How influential are mass media portrayals of chimpanzees in television, movies, advertisements and greeting cards on public perceptions of this endangered species? That is what researchers based at Chicago's Lincoln Park Zoo sought to uncover in a new nationwide study published July 13 in in PLoS One, the open-access journal of the Public Library of Sciences. Their findings reveal the significant role that media plays in creating widespread misunderstandings about the conservation status and nature of this great ape.
A majority of study respondents were more likely to believe that chimpanzees are not endangered after seeing them portrayed with humans. They were also more likely to falsely believe that the apes would make an appropriate pet even though in reality their massive strength and aggressive nature makes them highly dangerous. The researchers used composite digital images to experimentally test survey respondents' reactions to chimpanzees in different circumstances. For instance, survey respondents shown a photograph of a young chimpanzee standing next to a person were significantly less likely to think that chimpanzees were endangered in the wild, compared to respondents that viewed the exact same picture with the human digitally removed.
According to lead scientist, Steve Ross, Ph,D, founder of Project ChimpCARE and assistant director of the Lester Fisher Center for the Study and Conservation of Apes at Lincoln Park Zoo, "the findings are particularly relevant considering the public popularity of advertisements, movies and television programs featuring chimpanzee actors," he said. "These practices have received broad criticism based on animal welfare concerns."
Ross explained that the active "acting" careers of these animals are typically only a few short years, after which they become too large, strong and unmanageable. "Because chimpanzees can live 50 to 60 years, those deemed no longer useful to the media may end up in suboptimal housing for the next several decades," he explained.
The research findings demonstrate that the negative outcomes of media use of chimpanzees likely extends beyond individual animal welfare issues and potentially undermines important conservation efforts for this endangered species. According the International Union for the Conservation of Nature, wild chimpanzees are severely endangered and could become extinct within 10 -- 50 years if current trends continue.
"Displaying chimpanzees with humans isn't the only way in which public viewers were affected. Those seeing images of chimpanzees in human-like settings, such as a typical office space, were also less likely to think that chimpanzees are endangered," said Ross.
Purchasing and owning chimpanzees as pets is legal in most of the United States, but is a practice with considerable animal welfare and public safety risk. In 2009, a pet chimpanzee named Travis in Connecticut attacked and seriously injured a friend of its owner and was subsequently killed by police officers.

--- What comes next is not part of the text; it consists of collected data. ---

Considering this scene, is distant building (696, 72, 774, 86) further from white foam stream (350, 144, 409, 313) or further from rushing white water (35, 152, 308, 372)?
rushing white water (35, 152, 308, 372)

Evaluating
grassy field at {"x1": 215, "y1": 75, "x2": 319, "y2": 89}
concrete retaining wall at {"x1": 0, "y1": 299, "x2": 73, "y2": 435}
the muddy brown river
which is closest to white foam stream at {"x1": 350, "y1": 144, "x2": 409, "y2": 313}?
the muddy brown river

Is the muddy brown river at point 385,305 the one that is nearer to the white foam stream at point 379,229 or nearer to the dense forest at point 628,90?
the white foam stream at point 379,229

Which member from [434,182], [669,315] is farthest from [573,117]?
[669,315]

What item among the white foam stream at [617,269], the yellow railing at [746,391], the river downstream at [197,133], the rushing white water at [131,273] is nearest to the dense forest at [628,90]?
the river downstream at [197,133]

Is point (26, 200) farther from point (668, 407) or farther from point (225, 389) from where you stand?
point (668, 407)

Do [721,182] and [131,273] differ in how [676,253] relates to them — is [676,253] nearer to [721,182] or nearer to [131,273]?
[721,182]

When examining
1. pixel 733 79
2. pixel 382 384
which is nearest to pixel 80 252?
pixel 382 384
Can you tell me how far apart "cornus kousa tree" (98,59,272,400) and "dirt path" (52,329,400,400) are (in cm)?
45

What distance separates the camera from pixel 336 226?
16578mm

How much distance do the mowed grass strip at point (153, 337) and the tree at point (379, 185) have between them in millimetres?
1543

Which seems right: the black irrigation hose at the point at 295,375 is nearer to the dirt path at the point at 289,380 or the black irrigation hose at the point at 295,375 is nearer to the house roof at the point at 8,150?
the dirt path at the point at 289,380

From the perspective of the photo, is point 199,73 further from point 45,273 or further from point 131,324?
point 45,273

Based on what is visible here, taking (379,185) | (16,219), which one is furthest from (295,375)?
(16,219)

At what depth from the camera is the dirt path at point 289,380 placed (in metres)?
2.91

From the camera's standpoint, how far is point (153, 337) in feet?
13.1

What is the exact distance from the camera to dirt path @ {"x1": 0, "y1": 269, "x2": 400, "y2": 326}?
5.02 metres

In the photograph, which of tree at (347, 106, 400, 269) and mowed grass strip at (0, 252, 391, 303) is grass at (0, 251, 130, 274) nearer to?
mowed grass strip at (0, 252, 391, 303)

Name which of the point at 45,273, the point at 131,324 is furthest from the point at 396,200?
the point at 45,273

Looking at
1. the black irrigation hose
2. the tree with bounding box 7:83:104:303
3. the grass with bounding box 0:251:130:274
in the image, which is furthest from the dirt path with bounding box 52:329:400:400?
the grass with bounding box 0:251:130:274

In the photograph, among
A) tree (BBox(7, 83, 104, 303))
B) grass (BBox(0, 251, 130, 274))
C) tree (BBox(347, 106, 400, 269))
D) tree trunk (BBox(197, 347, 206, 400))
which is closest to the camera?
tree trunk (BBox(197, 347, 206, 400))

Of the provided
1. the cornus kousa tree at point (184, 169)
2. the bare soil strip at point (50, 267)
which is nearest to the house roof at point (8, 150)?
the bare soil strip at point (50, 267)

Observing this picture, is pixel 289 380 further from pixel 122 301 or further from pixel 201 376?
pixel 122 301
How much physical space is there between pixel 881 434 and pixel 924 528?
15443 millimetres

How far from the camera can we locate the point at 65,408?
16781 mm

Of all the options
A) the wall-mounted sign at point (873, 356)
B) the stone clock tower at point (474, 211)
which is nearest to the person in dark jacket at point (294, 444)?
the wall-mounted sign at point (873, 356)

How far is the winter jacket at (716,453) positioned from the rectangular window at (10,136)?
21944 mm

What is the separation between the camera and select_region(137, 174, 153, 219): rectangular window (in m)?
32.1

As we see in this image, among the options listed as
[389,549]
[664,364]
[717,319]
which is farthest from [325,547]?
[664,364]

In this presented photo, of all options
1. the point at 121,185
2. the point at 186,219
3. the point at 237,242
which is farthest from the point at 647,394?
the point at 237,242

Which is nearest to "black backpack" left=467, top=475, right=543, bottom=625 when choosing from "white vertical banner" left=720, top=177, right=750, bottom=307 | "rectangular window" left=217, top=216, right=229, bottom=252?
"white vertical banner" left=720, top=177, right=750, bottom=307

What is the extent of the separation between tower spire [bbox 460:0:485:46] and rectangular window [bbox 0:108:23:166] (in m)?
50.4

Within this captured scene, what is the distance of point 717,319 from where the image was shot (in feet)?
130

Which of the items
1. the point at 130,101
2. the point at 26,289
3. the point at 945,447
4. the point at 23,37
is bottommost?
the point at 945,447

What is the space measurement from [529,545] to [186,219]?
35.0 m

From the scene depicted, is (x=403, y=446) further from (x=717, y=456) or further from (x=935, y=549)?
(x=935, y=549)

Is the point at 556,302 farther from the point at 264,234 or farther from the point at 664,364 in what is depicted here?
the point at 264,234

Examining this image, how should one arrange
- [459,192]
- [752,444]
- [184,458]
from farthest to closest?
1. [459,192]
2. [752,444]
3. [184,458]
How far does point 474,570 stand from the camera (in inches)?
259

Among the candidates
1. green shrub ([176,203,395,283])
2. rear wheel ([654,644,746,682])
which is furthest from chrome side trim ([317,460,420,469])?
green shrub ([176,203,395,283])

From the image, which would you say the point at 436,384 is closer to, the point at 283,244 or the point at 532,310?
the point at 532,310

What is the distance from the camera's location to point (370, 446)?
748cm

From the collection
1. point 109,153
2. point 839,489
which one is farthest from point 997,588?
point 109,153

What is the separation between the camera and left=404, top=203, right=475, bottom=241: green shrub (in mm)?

Project ChimpCARE, an initiative based at Lincoln Park Zoo, estimates that up to 100 privately-owned chimpanzees live across the country in basements, garages and backyards, often living in unsafe and unsuitable environments.
"The inaccurate and frivolous portrayal of these complex and endangered primates should be of serious concern to anyone interested in animal care and safety," said Ross. "Whether intentional or not, these images are resulting in significant effects on perceptions of chimpanzees that may hinder critical conservation and welfare initiatives that much of the general public supports."